Web page caption snippets:
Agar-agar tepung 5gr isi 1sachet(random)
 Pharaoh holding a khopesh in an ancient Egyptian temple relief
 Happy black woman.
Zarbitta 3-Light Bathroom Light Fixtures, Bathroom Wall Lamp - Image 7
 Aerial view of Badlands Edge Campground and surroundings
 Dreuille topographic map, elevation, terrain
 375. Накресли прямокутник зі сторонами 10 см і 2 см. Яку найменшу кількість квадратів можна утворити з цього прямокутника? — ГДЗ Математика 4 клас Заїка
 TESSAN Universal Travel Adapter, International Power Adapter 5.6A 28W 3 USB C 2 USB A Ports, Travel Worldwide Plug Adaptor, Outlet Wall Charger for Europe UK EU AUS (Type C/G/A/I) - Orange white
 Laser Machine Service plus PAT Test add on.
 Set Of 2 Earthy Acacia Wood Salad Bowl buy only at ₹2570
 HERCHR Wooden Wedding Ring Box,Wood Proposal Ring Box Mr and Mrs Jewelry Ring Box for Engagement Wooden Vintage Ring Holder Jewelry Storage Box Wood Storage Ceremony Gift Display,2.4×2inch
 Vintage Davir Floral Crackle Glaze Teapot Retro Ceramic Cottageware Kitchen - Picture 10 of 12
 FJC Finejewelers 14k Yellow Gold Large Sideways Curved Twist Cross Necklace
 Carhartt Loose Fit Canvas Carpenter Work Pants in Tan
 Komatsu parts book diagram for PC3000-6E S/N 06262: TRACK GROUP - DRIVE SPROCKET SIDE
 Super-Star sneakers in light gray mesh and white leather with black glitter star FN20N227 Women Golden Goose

→ About this exercise:
Give only the number of lines in the data that hold the word "Wall".

→ Result of the task:
2